> **What you will do**: Below are records to reproduce in full; copy them exactly but keep the pictures out.

* * * * * * * * *

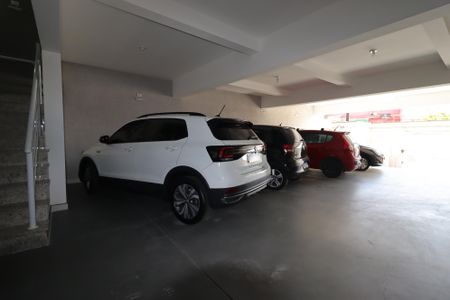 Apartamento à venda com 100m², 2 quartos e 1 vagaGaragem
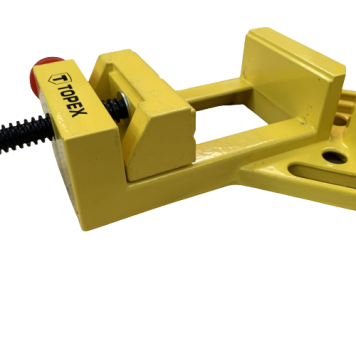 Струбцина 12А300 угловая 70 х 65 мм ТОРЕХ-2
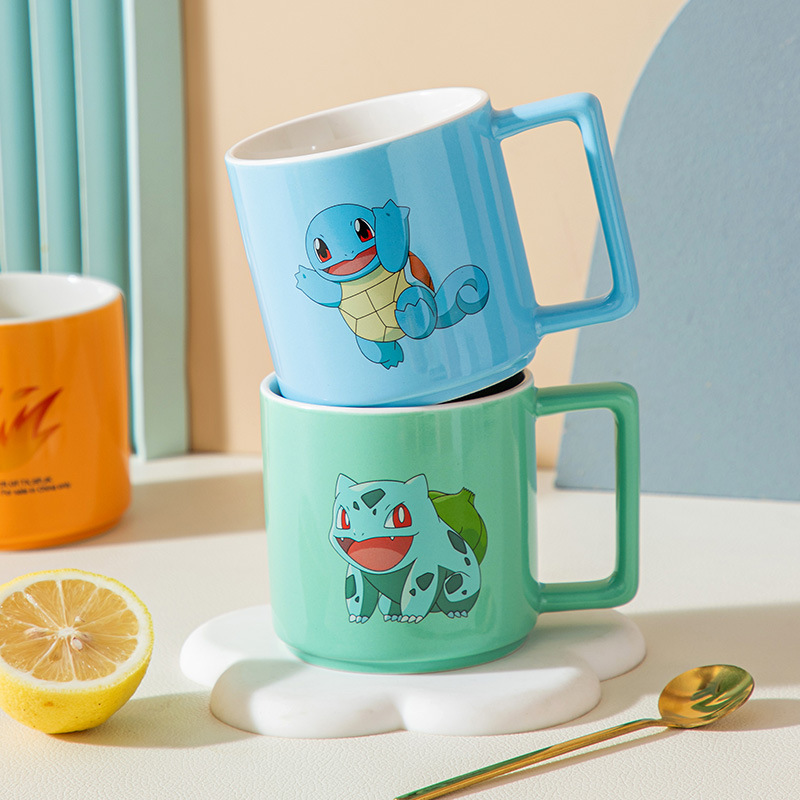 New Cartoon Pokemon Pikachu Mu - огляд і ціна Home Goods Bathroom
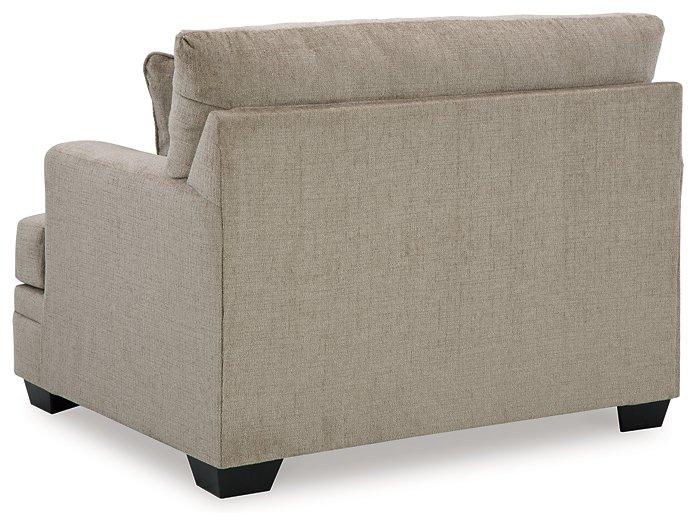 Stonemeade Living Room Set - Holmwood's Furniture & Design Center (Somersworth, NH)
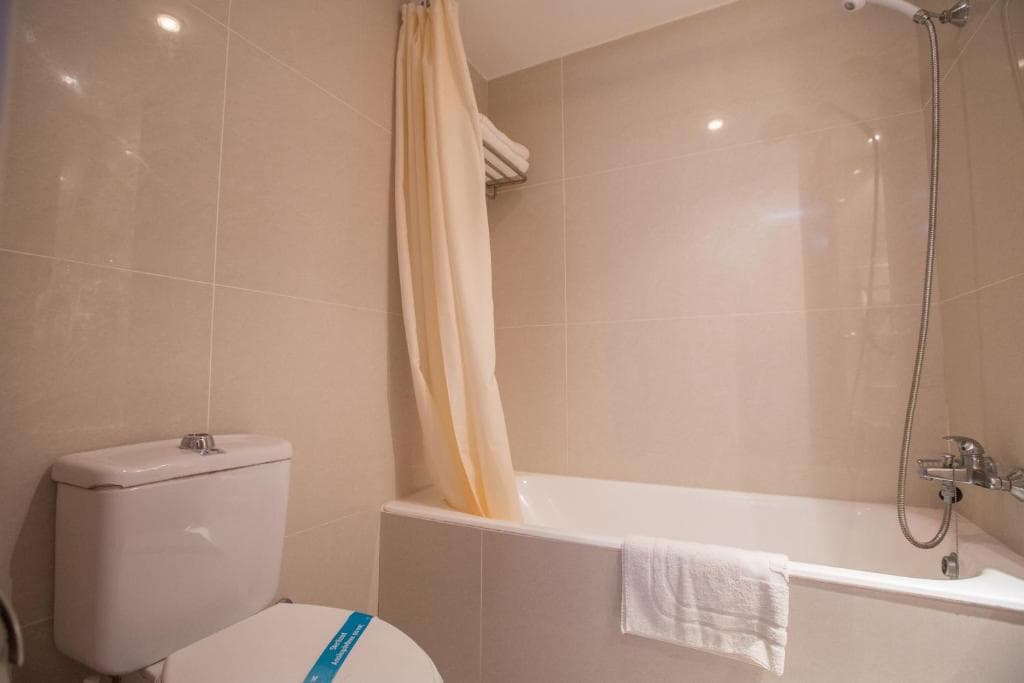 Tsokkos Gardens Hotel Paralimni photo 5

* * * * * * * * *

> **Result**:
 Apartamento à venda com 100m², 2 quartos e 1 vagaGaragem
 Струбцина 12А300 угловая 70 х 65 мм ТОРЕХ-2
 New Cartoon Pokemon Pikachu Mu - огляд і ціна Home Goods Bathroom
 Stonemeade Living Room Set - Holmwood's Furniture & Design Center (Somersworth, NH)
 Tsokkos Gardens Hotel Paralimni photo 5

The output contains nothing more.